In the data below, count how many lines contain "view" and give that number by itself.

▶ MATERIAL SUPPLIED:
────────

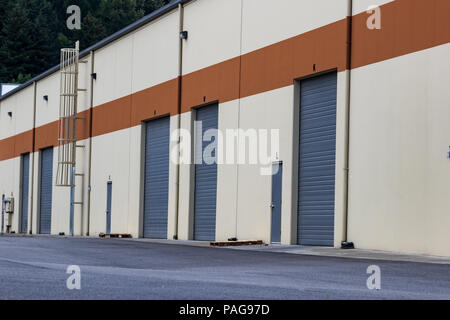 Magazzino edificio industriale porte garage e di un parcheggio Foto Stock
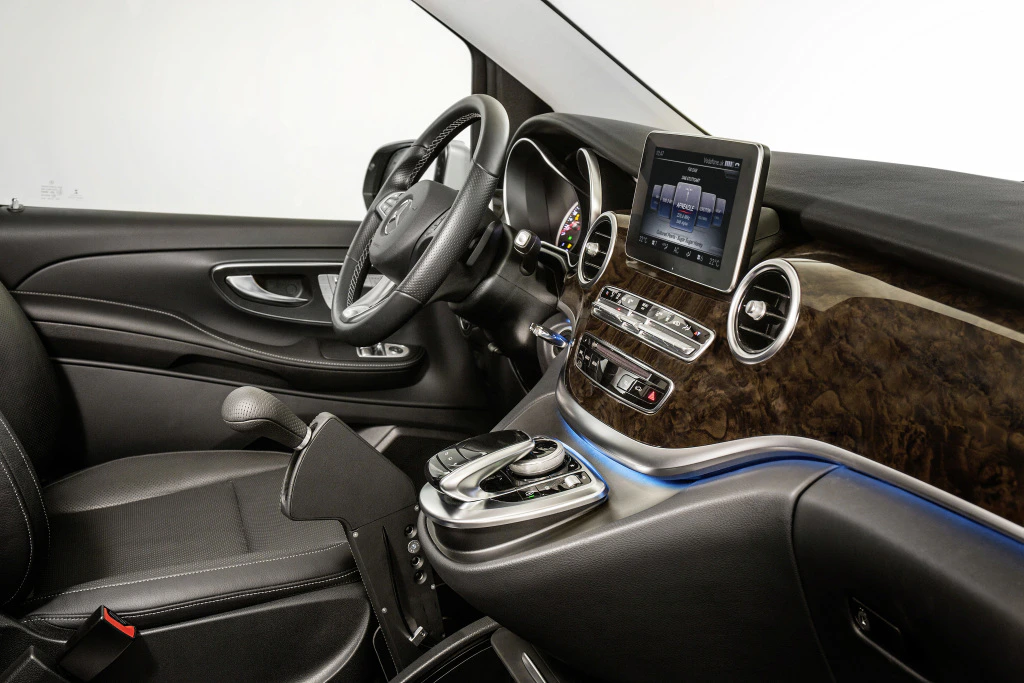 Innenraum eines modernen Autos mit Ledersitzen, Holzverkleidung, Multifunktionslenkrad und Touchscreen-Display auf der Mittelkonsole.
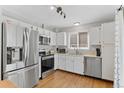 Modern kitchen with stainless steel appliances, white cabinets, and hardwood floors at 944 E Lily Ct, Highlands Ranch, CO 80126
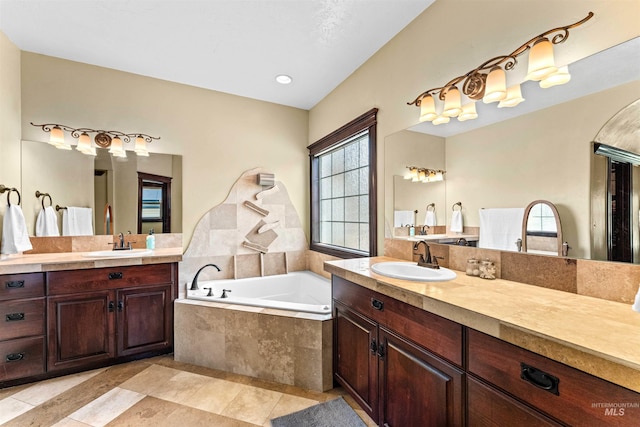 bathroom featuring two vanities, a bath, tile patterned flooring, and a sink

────────

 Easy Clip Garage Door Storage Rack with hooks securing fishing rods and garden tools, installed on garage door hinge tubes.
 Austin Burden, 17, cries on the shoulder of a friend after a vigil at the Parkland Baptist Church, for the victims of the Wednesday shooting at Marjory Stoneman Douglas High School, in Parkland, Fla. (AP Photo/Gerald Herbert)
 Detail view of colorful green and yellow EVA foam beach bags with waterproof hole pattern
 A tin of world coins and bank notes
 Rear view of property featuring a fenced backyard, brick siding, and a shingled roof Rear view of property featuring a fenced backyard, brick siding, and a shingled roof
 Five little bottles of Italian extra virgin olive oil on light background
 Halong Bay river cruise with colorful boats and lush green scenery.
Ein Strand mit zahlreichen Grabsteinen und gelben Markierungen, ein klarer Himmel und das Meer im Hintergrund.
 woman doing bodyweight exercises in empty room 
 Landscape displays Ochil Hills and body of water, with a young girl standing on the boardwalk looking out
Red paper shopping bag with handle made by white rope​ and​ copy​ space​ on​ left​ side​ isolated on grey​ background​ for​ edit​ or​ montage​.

────────

▶ ANSWER TO THIS EXERCISE:
2